Ведь это тоже путь, тот, который я должна была прожить до моего рождения в новое сознание — но не прожила, отстала. Это то же, что ты мне советуешь сделать теперь в новом рождении — с Карташевым, пройти весь путь старый, оторвавшись от того, в чем я теперь. Ты боишься смешения? Что я старое свое, «девичье», прирожденное, принимаю за новое? Но что же делать, если я уже и со старым своим здесь очутилась? Значит, и выходит: забыв о новом, начинать сначала; будто ты еще идешь только к сознанию: ступень следующая будет: рву мое прирожденное, подобное только новому, и этим по виду только удаляюсь от нового, но это и будет только следующим шагом, в сущности ближе к новому, чем раньше. Этим шагом я только еще в жизни-то встану на уровень всех, едва дойду до Лидии Дмитриевны Ивановой[864], встану с ней рядом. (Приписала позднее от бодрости: как я мечтала быть равной «художникам».) Но смею ли я когда-нибудь встать с ней рядом до тожественности? Она-то права, я ей в ноги поклонюсь за ее правду, а я будто во лжи, потому что притворяюсь ею, а сама уже ее правду за правду не принимаю; уподобляюсь ей, уже знала, что я тут не останусь, что это часть Правды, следовательно, ложь перед ее Полной Правдой. Каждый шаг на пути я должна делать, собирая зародыши полной правды, соединенной, и когда выпадаю от невозможности вынести трудность собирания зерен — это и есть простимый грех. И когда не выпадаю — нельзя все-таки желать, считать правильным и единственным двигателем — выпадение, путь бессилия. (Знаю и возражения: а может быть, не выпадать нельзя? А невыпадение доказывает безжизненность? Может быть, и так. Но, если даже выпадешь насильно, — жизненность таким путем не приобретешь.)

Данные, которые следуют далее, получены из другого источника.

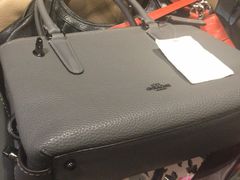 -COACH蔻驰(恒隆广场店)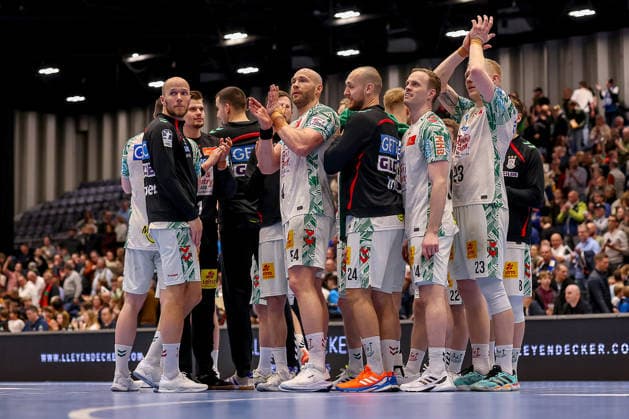 15 03 2026, Handball, HBL, Bergischer HC SC Magdeburg, Mitsubishi Electric HALLE Düsseldorf Closing cheers after the victory for Magdeburg The players cheering together on the pitch North Rhine-Westphalia Germany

Я бы, может быть, считала очень для всех нас полезным, если бы я была уже страстной женщиной, уже знала бы и носила бы в своем организме огонь и жар до невозможности с собой совладать. Но если этого нет (как ты утверждаешь), говорю просто как факт, — то что же делать? У Карташева есть. Это факт. С этими двумя фактами надо считаться. Еще вспомни, что ведь у женщин вся мозговая деятельность, сознание связано с половой любовью, вся религиозность. (Сумасшедшие женщины — почти все эротоманки.) Теперь разорви-ка! А мужчина (скажу еще циничнее тебя) имеет любовь как вполне отделенную область от его психики и мозговой деятельности. И любовь окрашена гораздо более зверинее, первобытнее от этого; ярче будто, но как бы не захват всего человеческого. Это и физиологически и психологически и логически и всячески так. Следовательно — если я уже соткалась, по природе, то нужно разрывать себя. Нужно считаться, именно здесь со мной как с женщиной, а не мужчиной. И считаться, то есть найти меня правой, и найти путь для меня, меня как таковой, а не вообще. <…>
28 декабря.
<…> Читаю Крафт-Эбинга, которого тебе отошлю. Ищу патологии в себе и в окружающих. Карташеву сказала, что он фетишист и затем с виду онанист. (Узнала-то я раньше, интимно, и что у него только вид такой, но что он этим пороком никогда не страдал. Узнала, потому что были предположения Кузнечика.) Он с ужасом, что и, правда, его могут за онаниста принять. Потом говорил, что у него наследственное трясение.
Пишу 29-го вечером. Получила от Розанова <письмо>. Неприличное «с точки зрения». Ничего не понял из моего. (Думает, что я женолюбица в буквальном смысле, «Неужели 3 сестры такие?!»[865].) А я его-то чую.